Rambam, Bartenura e Rashi explicam por que a casa de quem esqueceu permanece proibida mesmo a ele mesmo, e por que a regra muda quando são dois, e não um só, os que deixaram de contribuir para o eiruv.
"Os moradores do pátio em que um deles esqueceu e não fez eiruv..." — este é o lugar que prometi explicar sobre o assunto de "anular direito": já mencionei neste capítulo que o indivíduo pode anular seu direito em Shabat, e que cada um dos moradores de uma casa tem direito no pátio.

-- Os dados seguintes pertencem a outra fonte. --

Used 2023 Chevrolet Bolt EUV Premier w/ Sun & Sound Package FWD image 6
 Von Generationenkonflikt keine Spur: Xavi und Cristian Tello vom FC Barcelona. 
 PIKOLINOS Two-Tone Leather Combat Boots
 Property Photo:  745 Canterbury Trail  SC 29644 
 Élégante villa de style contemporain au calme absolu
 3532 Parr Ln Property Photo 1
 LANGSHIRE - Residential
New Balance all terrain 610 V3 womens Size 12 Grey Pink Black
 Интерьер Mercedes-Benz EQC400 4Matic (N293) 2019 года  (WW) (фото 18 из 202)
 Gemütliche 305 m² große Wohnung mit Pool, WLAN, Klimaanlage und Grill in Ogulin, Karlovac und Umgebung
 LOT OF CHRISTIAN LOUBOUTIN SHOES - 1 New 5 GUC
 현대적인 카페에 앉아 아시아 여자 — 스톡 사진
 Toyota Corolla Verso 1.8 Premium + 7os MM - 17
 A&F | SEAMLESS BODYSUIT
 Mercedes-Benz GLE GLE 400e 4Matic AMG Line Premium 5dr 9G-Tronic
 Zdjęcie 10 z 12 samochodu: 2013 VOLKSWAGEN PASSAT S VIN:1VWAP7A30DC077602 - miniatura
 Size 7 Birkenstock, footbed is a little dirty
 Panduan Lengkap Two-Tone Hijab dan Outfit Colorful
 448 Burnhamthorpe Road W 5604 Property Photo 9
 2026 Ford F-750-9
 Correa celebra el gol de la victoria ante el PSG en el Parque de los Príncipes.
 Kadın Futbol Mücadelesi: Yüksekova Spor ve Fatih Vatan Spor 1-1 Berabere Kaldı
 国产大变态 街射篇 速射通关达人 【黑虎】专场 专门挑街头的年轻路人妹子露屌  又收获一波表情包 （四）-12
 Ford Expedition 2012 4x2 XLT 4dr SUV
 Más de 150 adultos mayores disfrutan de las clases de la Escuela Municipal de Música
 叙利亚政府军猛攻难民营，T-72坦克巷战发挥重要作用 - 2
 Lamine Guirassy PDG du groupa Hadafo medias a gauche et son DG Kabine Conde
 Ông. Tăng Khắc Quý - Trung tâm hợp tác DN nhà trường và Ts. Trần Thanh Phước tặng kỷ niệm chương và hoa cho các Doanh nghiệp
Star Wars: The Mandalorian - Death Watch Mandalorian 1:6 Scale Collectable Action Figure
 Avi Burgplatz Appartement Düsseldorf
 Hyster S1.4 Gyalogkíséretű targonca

Rabi Eliezer entende que quem anula seu direito de modo genérico anula com isso também sua casa e o direito de seu pátio; e os Sábios entendem que anulou apenas o direito de seu pátio, mas o direito de sua casa não anulou — a menos que especifique ambos.
E quando dizem "se foram dois, proíbem-se mutuamente" — isto é, quando esqueceram dois moradores do pátio e não fizeram eiruv, os que fizeram eiruv não conseguem anular seu direito para esses dois que não fizeram eiruv, porque, ao anularem para um deles, este mesmo continua proibindo o outro pelo uso — e mesmo que este segundo volte e anule seu direito para o primeiro, não adianta, pois no momento em que os que fizeram eiruv anularam, o uso ainda estava proibido.
"Sua casa fica proibida de trazer e tirar" — de sua casa para o pátio, tanto ele quanto os demais moradores do pátio; isto é, quando ele anulou para eles apenas o direito de seu pátio, sua casa permanece direito seu, e o pátio direito deles.
"Se foram dois" — que não fizeram eiruv, e os demais moradores do pátio lhes cederam seu direito, os dois se proíbem mutuamente, porque o pátio pertence a ambos e as casas continuam separadas, cada uma pertencendo a seu dono; e quem anula seu direito aos moradores do pátio precisa especificar que anula a cada um deles individualmente.
"Mishná: sua casa fica proibida de trazer e tirar" — de sua casa para o pátio, tanto ele quanto os demais moradores do pátio; e a Guemará explica que se trata do caso em que ele anulou para eles apenas o direito que tinha no pátio, mas não anulou o direito de sua casa — assim, o direito de sua casa continua seu, e o pátio é deles.
"Se foram dois" — que esqueceram e não fizeram eiruv, e os demais moradores do pátio lhes anularam seu direito, os dois se proíbem mutuamente, porque o pátio agora pertence a ambos, mas as casas continuam separadas, cada uma para seu dono, e não se pode tirar do domínio próprio para o domínio que é seu e de seu companheiro.